WHAT IS NEEDED. Pictures aside, copy exactly each line from the one that holds "Serge Lutens Matin" through the last line of the records below.

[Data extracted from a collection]
- - -
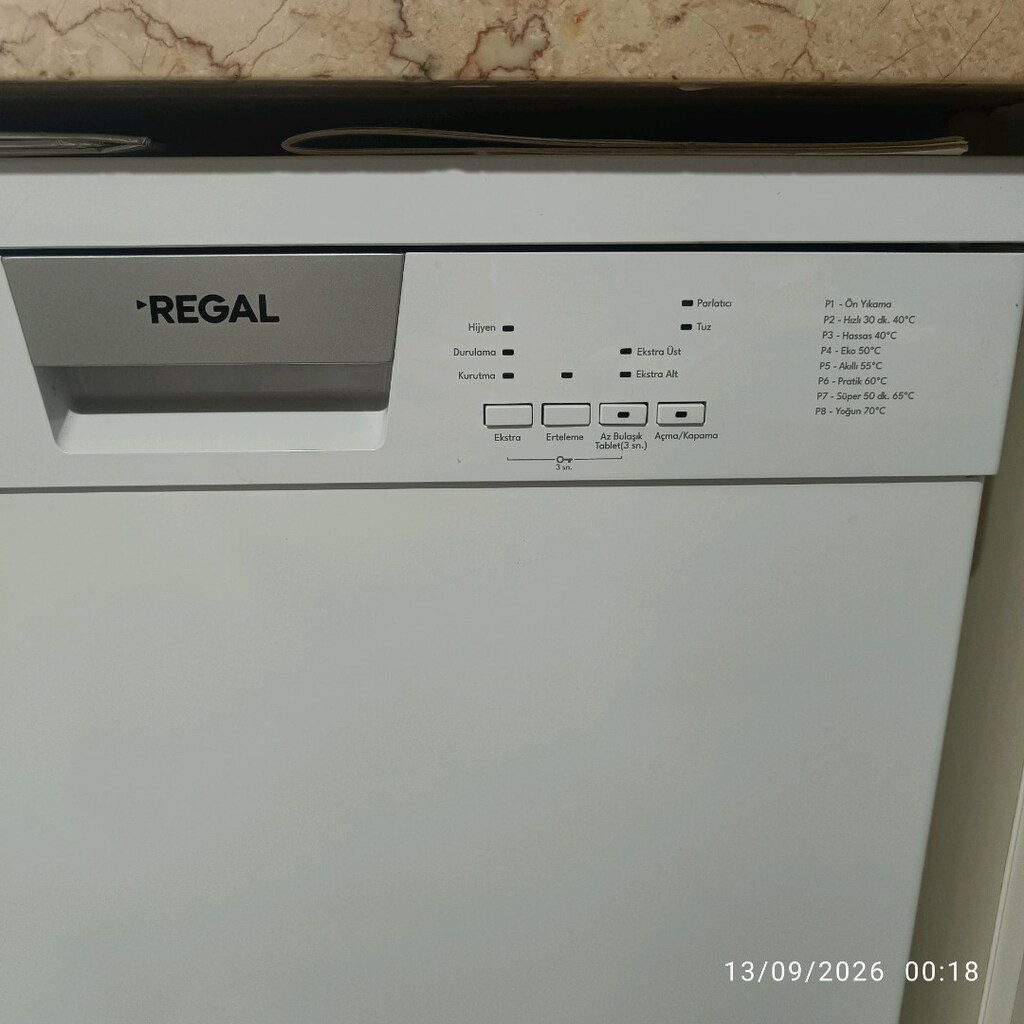 Kurutmalı Çamaşır Makinesi ve Bulaşık Makinesi - 5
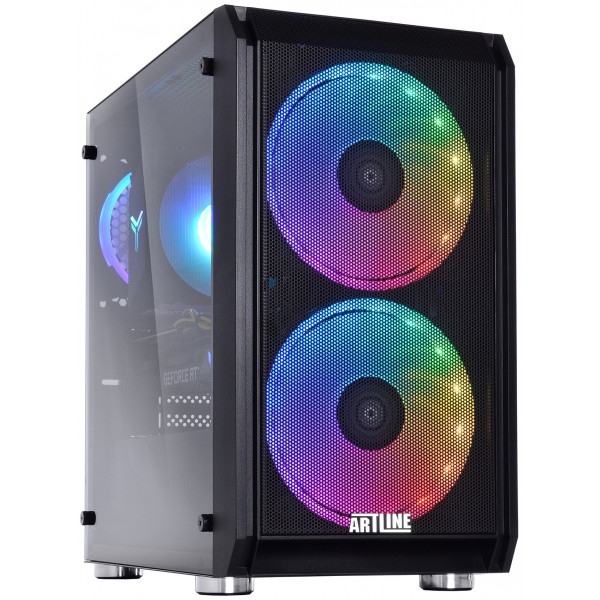 Системний блок QUBE QB i9 12900F RTX 3050 8GB 1622 (i912900FRTX30508GB1622)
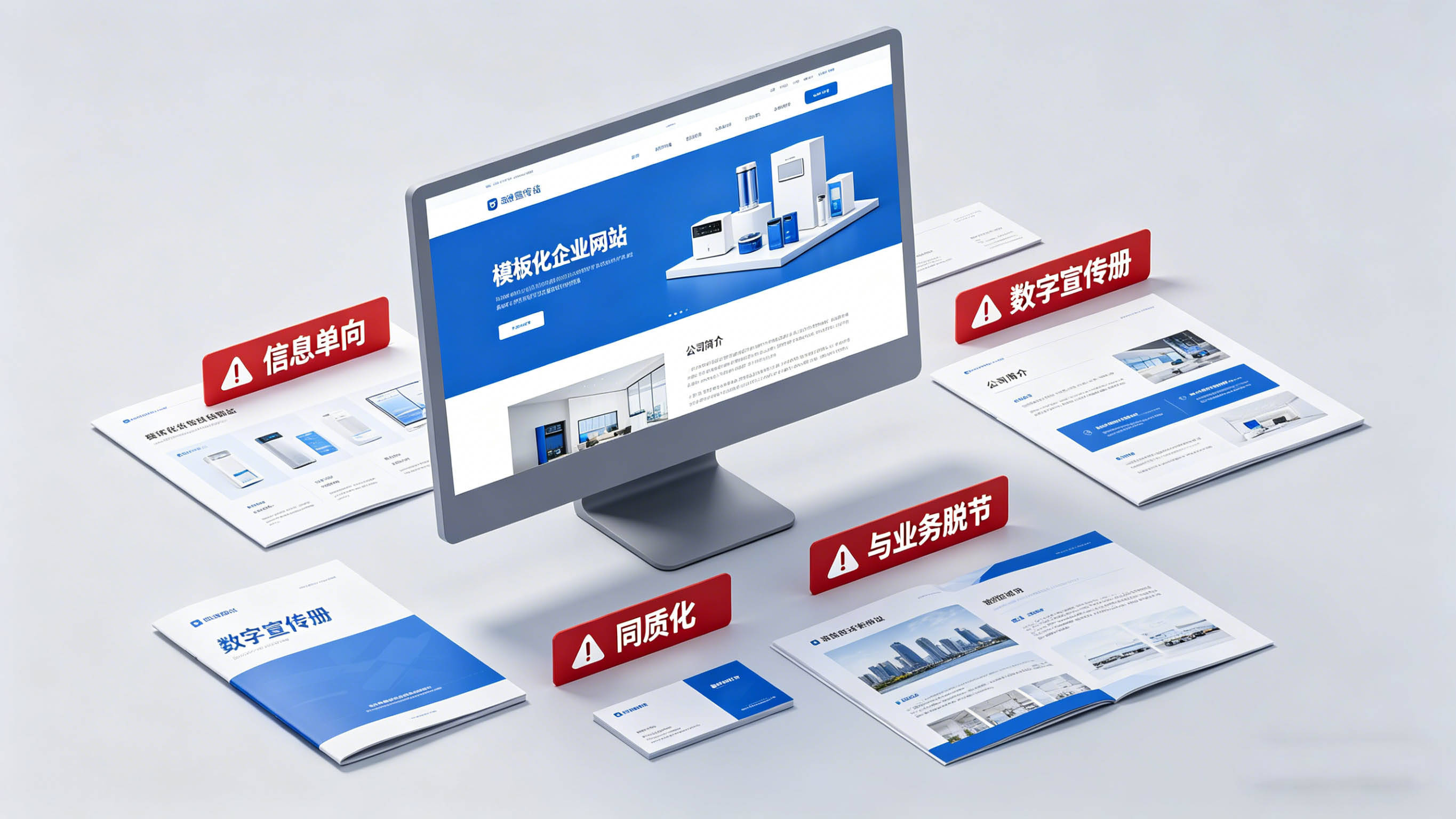 2026年企业网站改版升级指南：五个关键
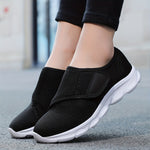 Berthe - Chaussures Ajourées à Scratch — vue 7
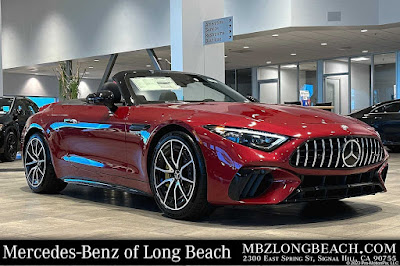 2023 Mercedes-Benz SL-Class SL 55 AMG®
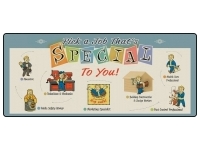 Fallout: Special (Musmatta/Spelmatta)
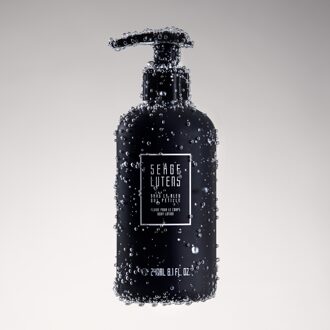 Serge Lutens Matin Lutens Dans Le Bleu Qui Petille Hand- en Bodylotion 240 ml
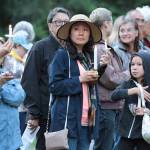 Lights of Liberty on Bainbridge Island | Photo gallery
- - -
OUTPUT FOR THIS EXERCISE.
 Serge Lutens Matin Lutens Dans Le Bleu Qui Petille Hand- en Bodylotion 240 ml
 Lights of Liberty on Bainbridge Island | Photo gallery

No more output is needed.